D. Semi-Siam: Semi-Supervised Siamese Network

The proposed SemiSiam network analyzes each video sequence based on its appearance and motion. The algorithm employs two different encoder engines to inspect the appearance and movement of each frame. The input video sequence is divided into separate frames $\text {vid} = \{F, M\}$ . Considering n frames in the video sequence, $F = \{f_{1}, f_{2}, \ldots , f_{n}\}$ represents the frames, and $M = \{m_{1}, m_{2}, \ldots , m_{n}\}$ indicates the corresponding optical flow of each.

AAE: The proposed AAE takes the video frames F as the input and encodes them to the corresponding latent representations $h_{\text {app}}^{(i)} = \text {AAE}(f^{(i)})$ . The AAE applies convolutional, flattened, and dense layers to map the input frame into a latent vector space.

MAE: The MAE is used to identify motion anomalies by processing M within each video frame. Using the optical flow as a preprocessing step, it maps the input movement patterns to corresponding latent representations, denoted as $h_{\text {mot}}^{(i)} = \text {MAE}(m^{(i)})$ . The MAE encodes optical flow patterns into these latent representations. It is noted that the structure of the AAE and MAE remains consistent.

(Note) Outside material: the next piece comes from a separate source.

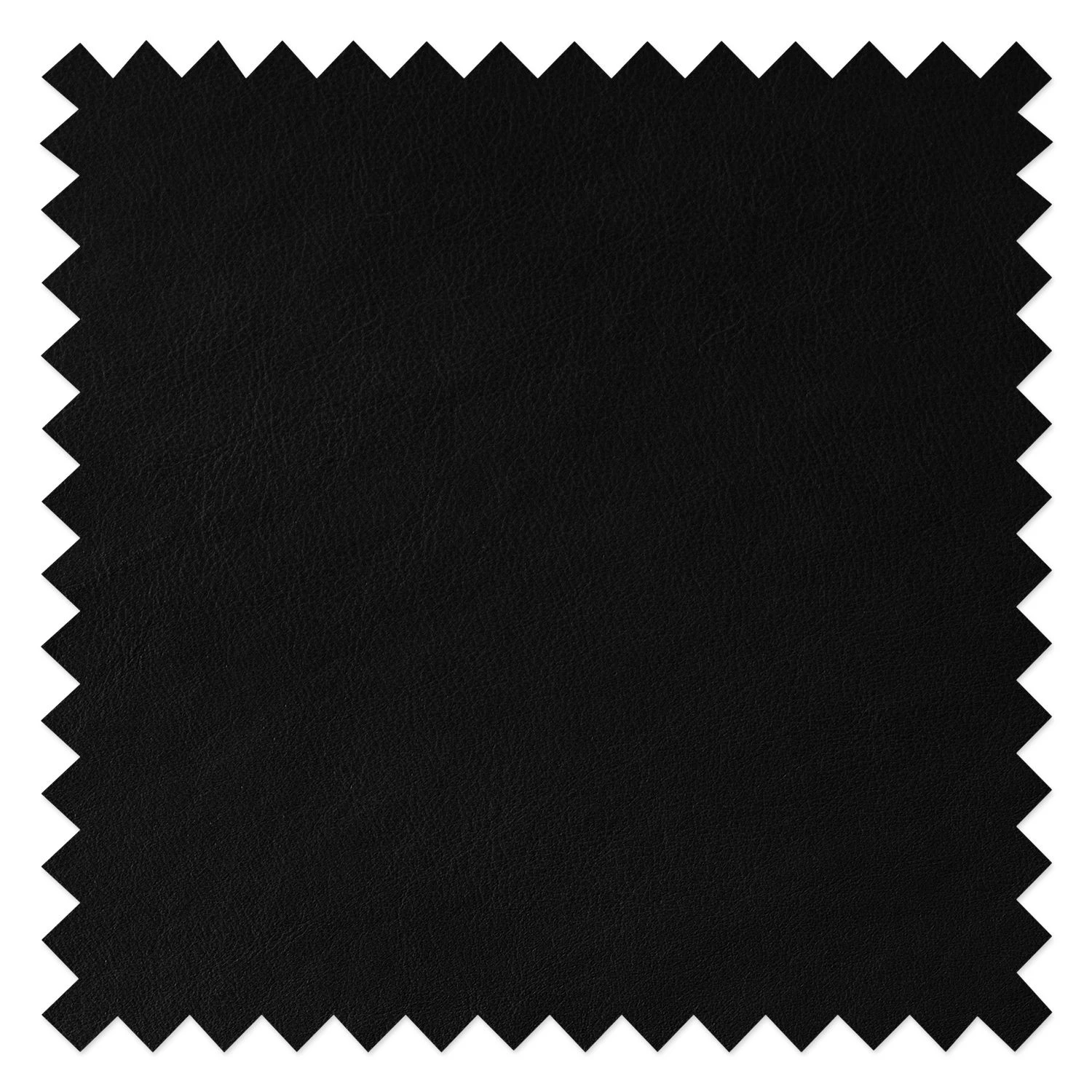 Studio Copenhagen Polsterstuhl Wilga IV (2er-Set) - Echtleder 7 Studio Copenhagen Polsterstuhl Wilga IV (2er-Set) - Echtleder – Bild 7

As illustrated in Fig. 2, the proposed encoders contain six convolutional layers to extract features and three connected layers to classify each pattern as normal or anomalous. The input shape of AAE and MAE is a $(158, 258, 3)$ image, followed by a 16-filter $(3 \times 3)$ convolutional layer. A max-pooling layer is applied to highlight features, and 32-filter $(3 \times 3)$ convolutional layers follow. Using the second max-pooling layer, a 64-filter $(3 \times 3)$ convolutional layer, and the third max-pooling layer generate a $(64, 9, 14)$ feature map. The 2-D map is then flattened, and two 2048 and 1024 connected layers are applied to encode each input pattern into a latent representation. Table 1 summarizes some important network hyperparameters. The generated latent representation is used to detect the appearance anomalies.

TABLE 1 Network Hyperparameters for the Proposed AAE and MAE

FIGURE 2.

Appearance and motion encoder structure in the proposed SemiSiam.

Show All

Fusion Block: A fusion block is introduced to combine the latent representations encoded separately by the AAE and MAE, denoted as $Z= \{z_{1}, z_{2}, \ldots , z_{n}\}$ , where $z_{i} = \text {fusion}(h_{\text {mot}}^{(i)} + h_{\text {app}}^{(i)})$ . The proposed semi-supervised algorithm is applied to the merged signal, and then utilized to identify anomaly patterns. This approach minimizes the distance between generated latent representations for normal patterns while maximizing the distance for abnormal ones. The two extracted representations are combined and input into the fusion block to create a comparable latent space for similar objects. Fig. 3 illustrates the structure of the proposed fusion block, which comprises connected layers of 1024, 512, and 256 units.

FIGURE 3.

Proposed fusion block’s structure in the proposed SemiSiam.

Show All

Decoder: The decoder is crucial in guiding the AAE and MAE to generate meaningful latent representations. Essentially, the proposed AE is constrained to create similar latent representations that enable the faithful reproduction of input patterns. The decoder prevents the model from producing identical latent representations.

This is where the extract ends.